I thoroughly enjoyed delving into Ireland’s past through this book. From the Shannon, to the scared Hazel, the legends of Lough Gur, the tales of the Fóidín Mearaí, Bog Bodies, and Ring Forts, I came away with a deeper appreciation of my Irish heritage & our enduring closeness to the land. Through every word, Manchán Magan conveys his deep reverence and passion for Ireland, lifting the veil on the forgotten myths and legends that lie beneath. Though he has sadly passed, he leaves behind words that serve as a quiet call to protect our land, our language, and our past.
A really interesting look at the history ensconced in our landscape and what it tells us of ourselves and our people. I would have loved more footnotes and referencing if only to facilitate further reading.
5 stars for premise and content. 4 stars for execution and flow. 2 stars for editing or lack thereof.

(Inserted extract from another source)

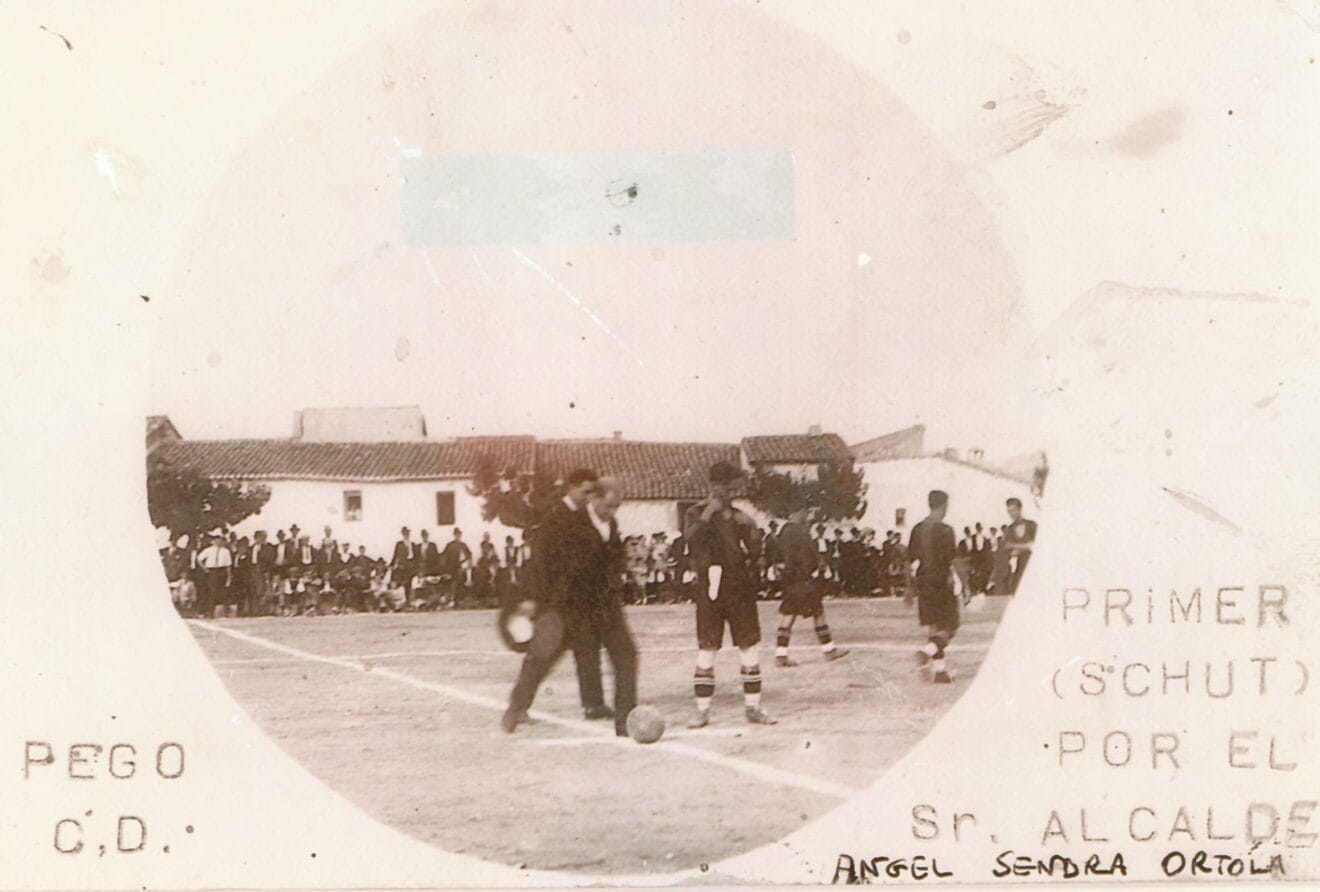 Chute del alcalde de Pego en 1923, Àngel Sendra Ortolà, que constituye el origen oficial del club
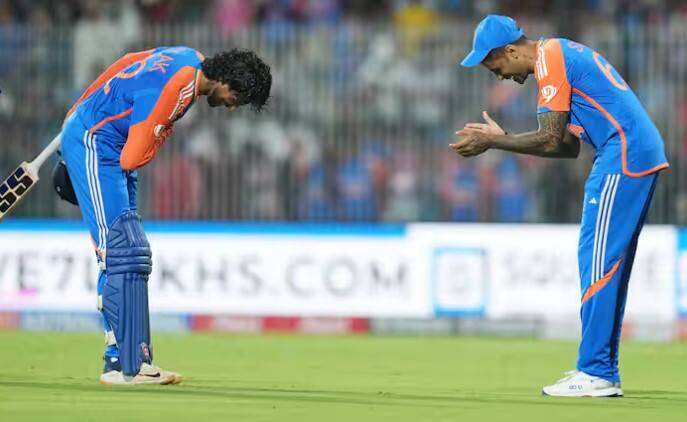 ਤਿਲਕ ਹੁਣ ਟੀ-20 ਅੰਤਰਰਾਸ਼ਟਰੀ ਵਿੱਚ ਦੋ ਪਾਰੀਆਂ ਵਿੱਚ ਆਊਟ ਹੋਣ ਦੇ ਵਿਚਕਾਰ ਸਭ ਤੋਂ ਵੱਧ ਦੌੜਾਂ ਬਣਾਉਣ ਵਾਲਾ ਬੱਲੇਬਾਜ਼ ਬਣ ਗਿਆ ਹੈ। ਤਿਲਕ ਨੇ ਹੁਣ ਤੱਕ 318 ਦੌੜਾਂ ਬਣਾਈਆਂ ਹਨ ਅਤੇ ਉਹ ਨਾਟ ਆਊਟ ਹੈ।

Great book which will particularly those interested in our Irish heritage, mythology and language, but also one accessible for those with less or no knowledge on these topics. Magan interestingly weaves Irish mythology, local stories, personal experience, archaeology, geography and more together in a delightful narrative about our spiritual and cultural history. Unfortunately, the standard of the final product is not very high. Often throughout the book I experienced a sense of deja vu, as if I was reading something word for word that I had already read. Much to my dismay, all too frequently my suspicion was proved correct as a quick scan through the previous two/three paragraphs would reveal that I had in fact read the exact same sentence or portion of a sentence less than 2 minutes prior. Overall if one can look past this need for further editing, there is a lot to be admired and celebrated about this book. It serves as a reminder that our history, culture and heritage are embedded deep in the land, and that in fact we are in some way far more deeply intertwined with the world around and beneath us than we tend to think.